Numbers fly back and forth, building each time, refusing to stop. I’m against the outside wall, neck cricked down as I stare into my phone, strangers' elbows still clashing against me. Laughter drifting above the crowd’s heads like the smoke from their fags. They sound distant, like they’re underwater. My friends are inches away from me, but they might as well be the other side of the world. I grit my teeth and seethe. It all irritates me: the right wingers blaming refugees, the left wingers blaming UK foreign policy, the people sending their ‘thoughts and prayers’ as if that makes an iota difference. As if anything does.

A few years ago I was sat in a lecture hall discussing how the media frames instances such as these. I was cold and rational, saying how a few ignorant religious zealots in caves were nothing compared to the Soviet Union with a full set of nukes. How the world is safer now than ever before. Smugly stating that hundreds die every day in the Middle East and we think nothing of it. That seems a long time ago now and rationality seems a long way away. I give myself into the hurt, the hatred on Twitter and Facebook. Stop fucking killing people you cunts.  
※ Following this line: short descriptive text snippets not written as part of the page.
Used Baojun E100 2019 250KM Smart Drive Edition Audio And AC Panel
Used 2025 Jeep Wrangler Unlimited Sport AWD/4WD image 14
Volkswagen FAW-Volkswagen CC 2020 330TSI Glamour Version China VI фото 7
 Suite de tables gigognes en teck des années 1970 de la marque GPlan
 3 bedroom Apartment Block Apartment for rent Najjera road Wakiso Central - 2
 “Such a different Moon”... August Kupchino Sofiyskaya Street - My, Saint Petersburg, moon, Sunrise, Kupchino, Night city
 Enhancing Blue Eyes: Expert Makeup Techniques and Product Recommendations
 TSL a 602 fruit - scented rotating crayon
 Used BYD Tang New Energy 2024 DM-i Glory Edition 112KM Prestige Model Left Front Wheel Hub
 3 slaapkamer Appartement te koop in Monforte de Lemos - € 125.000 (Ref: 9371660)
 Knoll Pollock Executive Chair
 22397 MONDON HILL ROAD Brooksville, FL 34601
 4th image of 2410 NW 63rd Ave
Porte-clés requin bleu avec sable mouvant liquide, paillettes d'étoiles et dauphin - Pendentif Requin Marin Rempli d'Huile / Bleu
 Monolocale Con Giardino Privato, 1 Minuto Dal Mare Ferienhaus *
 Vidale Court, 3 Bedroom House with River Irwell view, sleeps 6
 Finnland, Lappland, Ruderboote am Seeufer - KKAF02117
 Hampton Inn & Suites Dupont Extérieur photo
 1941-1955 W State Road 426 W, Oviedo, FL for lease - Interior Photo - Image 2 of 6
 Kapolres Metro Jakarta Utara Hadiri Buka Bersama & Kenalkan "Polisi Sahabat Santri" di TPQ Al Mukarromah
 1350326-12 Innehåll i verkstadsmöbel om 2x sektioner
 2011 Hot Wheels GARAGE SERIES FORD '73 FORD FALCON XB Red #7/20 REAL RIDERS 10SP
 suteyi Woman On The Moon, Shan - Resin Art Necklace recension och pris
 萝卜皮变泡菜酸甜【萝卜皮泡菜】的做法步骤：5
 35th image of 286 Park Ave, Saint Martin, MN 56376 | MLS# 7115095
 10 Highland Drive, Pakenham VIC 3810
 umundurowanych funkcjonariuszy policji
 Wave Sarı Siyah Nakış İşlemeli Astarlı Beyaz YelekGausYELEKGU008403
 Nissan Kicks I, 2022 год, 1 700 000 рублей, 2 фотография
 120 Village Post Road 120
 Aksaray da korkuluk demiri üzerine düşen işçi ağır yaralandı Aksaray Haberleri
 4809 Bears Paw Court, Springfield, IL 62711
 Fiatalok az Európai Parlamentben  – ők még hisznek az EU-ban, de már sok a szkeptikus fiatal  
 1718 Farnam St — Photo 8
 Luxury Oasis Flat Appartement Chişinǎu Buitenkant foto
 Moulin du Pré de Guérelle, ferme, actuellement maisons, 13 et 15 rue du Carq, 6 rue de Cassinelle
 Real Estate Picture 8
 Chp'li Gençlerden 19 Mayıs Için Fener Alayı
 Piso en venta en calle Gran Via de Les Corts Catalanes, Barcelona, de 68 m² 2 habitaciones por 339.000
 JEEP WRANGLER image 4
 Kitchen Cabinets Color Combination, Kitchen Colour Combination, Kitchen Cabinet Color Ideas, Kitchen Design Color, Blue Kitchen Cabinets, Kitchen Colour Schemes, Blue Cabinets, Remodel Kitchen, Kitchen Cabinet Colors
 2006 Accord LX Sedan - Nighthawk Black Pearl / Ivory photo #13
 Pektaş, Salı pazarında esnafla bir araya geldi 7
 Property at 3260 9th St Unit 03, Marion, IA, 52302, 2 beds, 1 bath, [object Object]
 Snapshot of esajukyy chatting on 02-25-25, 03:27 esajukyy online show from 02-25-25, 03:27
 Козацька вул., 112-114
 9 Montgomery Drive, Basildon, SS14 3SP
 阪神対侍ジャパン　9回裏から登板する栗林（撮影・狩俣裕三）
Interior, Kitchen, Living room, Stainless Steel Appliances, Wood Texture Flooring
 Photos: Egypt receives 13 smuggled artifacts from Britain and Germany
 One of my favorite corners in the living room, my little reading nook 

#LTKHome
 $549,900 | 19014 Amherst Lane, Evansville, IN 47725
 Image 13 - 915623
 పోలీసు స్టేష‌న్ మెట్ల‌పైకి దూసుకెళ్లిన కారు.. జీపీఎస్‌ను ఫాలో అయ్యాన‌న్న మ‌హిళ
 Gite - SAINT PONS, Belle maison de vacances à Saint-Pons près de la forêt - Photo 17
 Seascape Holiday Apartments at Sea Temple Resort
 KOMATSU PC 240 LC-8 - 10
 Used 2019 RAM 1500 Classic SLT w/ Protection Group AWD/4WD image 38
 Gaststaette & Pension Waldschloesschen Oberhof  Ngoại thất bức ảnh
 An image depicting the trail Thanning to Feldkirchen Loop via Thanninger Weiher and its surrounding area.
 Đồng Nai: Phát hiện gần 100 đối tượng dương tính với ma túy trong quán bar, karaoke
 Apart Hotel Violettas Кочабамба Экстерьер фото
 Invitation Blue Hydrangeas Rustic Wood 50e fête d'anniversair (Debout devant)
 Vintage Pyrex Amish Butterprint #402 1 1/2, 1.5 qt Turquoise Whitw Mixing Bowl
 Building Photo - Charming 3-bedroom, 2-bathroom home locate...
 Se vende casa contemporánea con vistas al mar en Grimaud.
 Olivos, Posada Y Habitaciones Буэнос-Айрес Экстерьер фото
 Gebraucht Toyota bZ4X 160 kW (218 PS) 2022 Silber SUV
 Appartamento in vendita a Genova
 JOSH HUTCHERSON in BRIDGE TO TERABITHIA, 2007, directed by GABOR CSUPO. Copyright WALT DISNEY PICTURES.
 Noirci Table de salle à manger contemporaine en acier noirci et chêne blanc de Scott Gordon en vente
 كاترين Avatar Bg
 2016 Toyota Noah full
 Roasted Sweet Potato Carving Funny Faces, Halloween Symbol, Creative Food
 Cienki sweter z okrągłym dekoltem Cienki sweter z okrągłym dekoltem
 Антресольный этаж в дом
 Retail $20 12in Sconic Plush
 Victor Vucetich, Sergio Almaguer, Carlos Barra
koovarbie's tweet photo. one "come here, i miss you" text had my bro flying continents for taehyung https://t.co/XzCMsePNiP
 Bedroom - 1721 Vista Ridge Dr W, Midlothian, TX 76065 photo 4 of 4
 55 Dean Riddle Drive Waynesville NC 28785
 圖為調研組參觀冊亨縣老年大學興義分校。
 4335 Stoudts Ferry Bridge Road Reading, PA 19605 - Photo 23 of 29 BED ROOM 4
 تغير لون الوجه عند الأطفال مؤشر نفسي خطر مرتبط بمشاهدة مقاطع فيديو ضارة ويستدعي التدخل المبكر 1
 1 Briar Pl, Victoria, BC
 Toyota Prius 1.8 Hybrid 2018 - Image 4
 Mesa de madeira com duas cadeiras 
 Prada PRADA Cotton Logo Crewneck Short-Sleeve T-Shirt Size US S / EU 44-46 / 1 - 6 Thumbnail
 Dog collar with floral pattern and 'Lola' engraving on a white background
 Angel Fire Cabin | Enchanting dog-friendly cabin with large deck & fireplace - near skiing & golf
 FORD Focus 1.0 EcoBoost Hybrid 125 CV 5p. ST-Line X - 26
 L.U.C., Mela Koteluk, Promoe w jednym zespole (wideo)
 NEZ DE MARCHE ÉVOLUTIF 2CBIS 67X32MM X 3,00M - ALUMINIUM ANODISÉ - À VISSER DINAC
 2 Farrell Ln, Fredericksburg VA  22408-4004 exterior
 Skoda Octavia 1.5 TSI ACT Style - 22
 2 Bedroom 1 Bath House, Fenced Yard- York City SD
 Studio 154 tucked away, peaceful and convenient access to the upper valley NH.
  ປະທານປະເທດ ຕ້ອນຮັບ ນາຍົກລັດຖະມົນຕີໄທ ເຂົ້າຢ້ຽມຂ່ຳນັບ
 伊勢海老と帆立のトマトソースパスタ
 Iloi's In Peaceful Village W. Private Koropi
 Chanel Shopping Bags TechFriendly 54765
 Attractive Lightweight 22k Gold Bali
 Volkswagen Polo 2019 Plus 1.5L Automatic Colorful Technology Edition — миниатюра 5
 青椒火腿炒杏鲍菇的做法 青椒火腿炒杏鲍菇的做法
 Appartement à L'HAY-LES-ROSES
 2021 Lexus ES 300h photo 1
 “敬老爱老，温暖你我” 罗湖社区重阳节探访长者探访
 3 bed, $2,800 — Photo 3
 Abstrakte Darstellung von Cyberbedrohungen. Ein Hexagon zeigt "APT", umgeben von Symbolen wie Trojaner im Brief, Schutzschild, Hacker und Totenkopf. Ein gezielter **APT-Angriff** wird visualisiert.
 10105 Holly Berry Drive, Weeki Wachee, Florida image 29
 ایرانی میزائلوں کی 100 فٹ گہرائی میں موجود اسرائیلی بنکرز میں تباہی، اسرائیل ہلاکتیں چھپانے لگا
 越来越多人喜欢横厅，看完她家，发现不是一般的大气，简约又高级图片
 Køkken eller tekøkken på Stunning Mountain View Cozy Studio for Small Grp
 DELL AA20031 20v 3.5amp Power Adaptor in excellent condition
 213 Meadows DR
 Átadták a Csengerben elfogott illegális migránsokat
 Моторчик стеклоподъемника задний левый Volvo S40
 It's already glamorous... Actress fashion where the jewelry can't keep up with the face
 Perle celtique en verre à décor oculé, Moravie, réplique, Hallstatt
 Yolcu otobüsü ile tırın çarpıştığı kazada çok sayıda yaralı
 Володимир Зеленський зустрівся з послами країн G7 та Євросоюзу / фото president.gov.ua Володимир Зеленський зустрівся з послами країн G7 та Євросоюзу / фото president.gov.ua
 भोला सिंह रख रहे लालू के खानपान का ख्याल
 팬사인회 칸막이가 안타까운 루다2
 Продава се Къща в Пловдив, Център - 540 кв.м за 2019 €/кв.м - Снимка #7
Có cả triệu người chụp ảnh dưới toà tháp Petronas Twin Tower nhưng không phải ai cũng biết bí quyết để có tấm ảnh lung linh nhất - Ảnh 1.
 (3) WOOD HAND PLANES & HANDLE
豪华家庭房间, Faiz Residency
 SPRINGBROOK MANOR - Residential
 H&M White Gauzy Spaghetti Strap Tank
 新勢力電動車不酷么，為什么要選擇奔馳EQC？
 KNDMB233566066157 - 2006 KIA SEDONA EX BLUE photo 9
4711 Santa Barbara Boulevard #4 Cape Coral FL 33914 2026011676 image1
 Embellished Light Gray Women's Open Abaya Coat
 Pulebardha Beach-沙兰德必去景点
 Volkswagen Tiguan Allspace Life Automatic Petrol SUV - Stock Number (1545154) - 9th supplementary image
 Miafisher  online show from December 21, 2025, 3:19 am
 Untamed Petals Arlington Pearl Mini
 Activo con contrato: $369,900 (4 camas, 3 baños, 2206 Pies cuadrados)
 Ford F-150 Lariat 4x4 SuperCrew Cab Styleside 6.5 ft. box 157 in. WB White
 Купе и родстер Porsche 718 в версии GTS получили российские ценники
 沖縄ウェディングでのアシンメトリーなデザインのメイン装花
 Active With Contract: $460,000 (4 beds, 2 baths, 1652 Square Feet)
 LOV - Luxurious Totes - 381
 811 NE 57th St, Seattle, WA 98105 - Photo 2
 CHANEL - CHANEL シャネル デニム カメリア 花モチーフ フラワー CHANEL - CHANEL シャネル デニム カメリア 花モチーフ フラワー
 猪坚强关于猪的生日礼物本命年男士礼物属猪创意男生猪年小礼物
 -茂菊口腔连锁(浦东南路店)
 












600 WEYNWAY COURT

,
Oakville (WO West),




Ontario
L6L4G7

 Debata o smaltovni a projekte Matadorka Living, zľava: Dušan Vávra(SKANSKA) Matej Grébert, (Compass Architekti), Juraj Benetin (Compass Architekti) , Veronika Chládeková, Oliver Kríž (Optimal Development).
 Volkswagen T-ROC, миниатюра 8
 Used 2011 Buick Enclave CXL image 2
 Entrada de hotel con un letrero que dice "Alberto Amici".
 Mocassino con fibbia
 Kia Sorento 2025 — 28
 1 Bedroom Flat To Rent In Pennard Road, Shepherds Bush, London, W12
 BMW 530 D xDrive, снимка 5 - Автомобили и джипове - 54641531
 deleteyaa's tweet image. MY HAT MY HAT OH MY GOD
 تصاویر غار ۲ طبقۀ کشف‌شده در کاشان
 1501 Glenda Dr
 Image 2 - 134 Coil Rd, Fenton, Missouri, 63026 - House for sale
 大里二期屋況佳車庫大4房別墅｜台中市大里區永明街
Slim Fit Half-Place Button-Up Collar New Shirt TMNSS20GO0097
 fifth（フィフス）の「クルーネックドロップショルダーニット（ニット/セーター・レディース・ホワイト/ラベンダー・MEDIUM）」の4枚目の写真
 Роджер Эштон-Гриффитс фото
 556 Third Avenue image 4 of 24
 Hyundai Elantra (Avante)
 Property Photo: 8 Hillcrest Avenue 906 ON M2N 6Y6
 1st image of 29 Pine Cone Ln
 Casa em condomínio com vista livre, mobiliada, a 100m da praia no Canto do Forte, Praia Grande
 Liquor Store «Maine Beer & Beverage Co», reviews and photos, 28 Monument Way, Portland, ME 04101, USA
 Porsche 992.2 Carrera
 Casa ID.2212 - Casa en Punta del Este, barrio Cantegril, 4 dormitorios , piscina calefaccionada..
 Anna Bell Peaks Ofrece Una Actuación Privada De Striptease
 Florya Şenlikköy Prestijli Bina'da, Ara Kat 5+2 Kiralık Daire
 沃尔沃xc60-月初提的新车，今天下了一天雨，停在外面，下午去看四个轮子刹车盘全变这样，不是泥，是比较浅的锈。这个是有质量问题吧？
I can’t dance anymore. I go home hollow and numb.
The next evening, I go for a walk. It’s a Saturday night, but the streets seem deserted, unusually quiet. I walk and walk. I walk to the top of the hill, to Ruskin Park and look out at the city. It sprawls out and hums in front of me. I take off my woolly hat and let the cold air hit me. Breathing in deep, feeling the cold in my lungs. The London Eye is lit up in a French Tricolore. 

The pangs then hit me hard in the chest and I feel queasy, as if I’m still feeling last night’s effects. I think about the video of President Hollande I had watched before I went out. My French isn’t good enough to have followed the words, but I got “guerre”. It rolled about my head as if echoing. War. If the French define this as an act of war, the world as a whole may be about to change.

I look out at one of the great Western cities, and wonder if it’s changed already.